The Paris terrorism has rekindled an ongoing debate over government surveillance power, personal privacy, and cybersecurity. In this crucial, consequential debate, it behooves us to remember that terrorism’s goal is to trigger emotional, extreme reaction, and that perspective and balance are the antitheses of violent radicalism.
Absolute security is illusory.
Cybersecurity, like terrorism, is perpetual battle. Evolving attack methods compel advances in defense, which lead to new attack tactics, and on and on. Thus has been warfare through the ages, and though modern technology has quickened the ebb and flow, experience offers no reason to believe such conflict will ever be resolved. It likely will remain a “when not if” world of data breaches, just as avoiding terrorism will continue to be a matter of probability, not certainty. The attainable expectation for either a company or a country is reasonable security, achieved through strategic, determined efforts to improve the status quo.
Effectively balancing privacy and surveillance power requires a long memory.
When we feel safe, we tend to view personal privacy as sacrosanct, and we devalue the need for government security surveillance. But when terrorists strike, the emotional pendulum abruptly swings – feeling unsafe, we look to the government to protect us, and we devalue personal privacy. This amnesic whipsaw plays out repeatedly through politics and policy. In the immediate aftermath of Paris, reminiscent of post-9/11:
- Currently unsubstantiated claims that the Paris terrorists may have used end-to-end encrypted communications are refueling law enforcement efforts to obtain backdoor encryption keys, despite the Obama administration’s recent acquiescence to the tech industry’s position on this issue.

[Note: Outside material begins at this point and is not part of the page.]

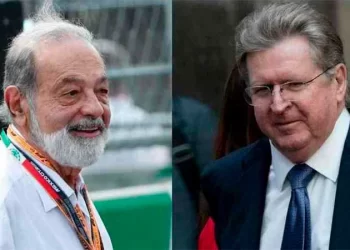 Caída del peso impacta a las fortunas de Slim y Larrea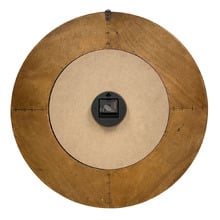 60cm Gaia Bamboo Wall Clock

- Edward Snowden’s illegal exposure of national security surveillance means and methods has been linked, without substantiation, to the terrorist’s ability to strike Paris.
- After the EU Court of Justice invalidated the U.S.-EH Safe Harbor in reaction to revelations about U.S. surveillance practices, the interests driving the pending fast-track negotiations for Safe Harbor 2.0 may shift – time will tell.

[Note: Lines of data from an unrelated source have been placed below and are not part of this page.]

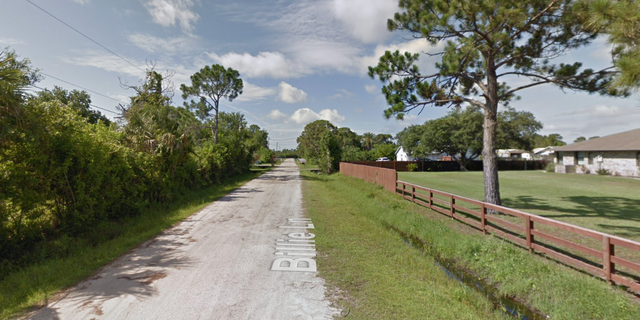 The incident happened on Billie Ln in Malabar.
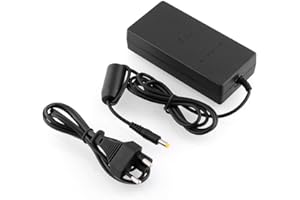 WICAREYO Fuente de Alimentación Adaptador de CA Compatible para PS2 Slim 70000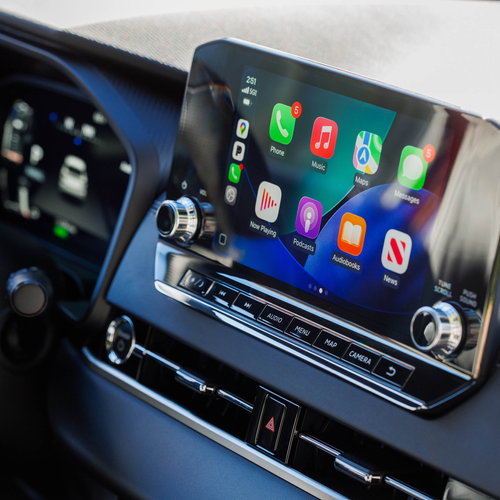 2026 Nissan Rogue Plug-in Hybrid Interior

The lesson of Groundhog Day is that, though the day’s circumstances may endlessly repeat, our response can change. We can have more realistic expectations for cybersecurity, recognizing its practical limitations. And, while privacy purists and surveillance hard-liners use immediate events to incite public support, we can choose to take the long view, recalling when safe how it was to feel threatened, and remembering when threatened what it was to feel safe.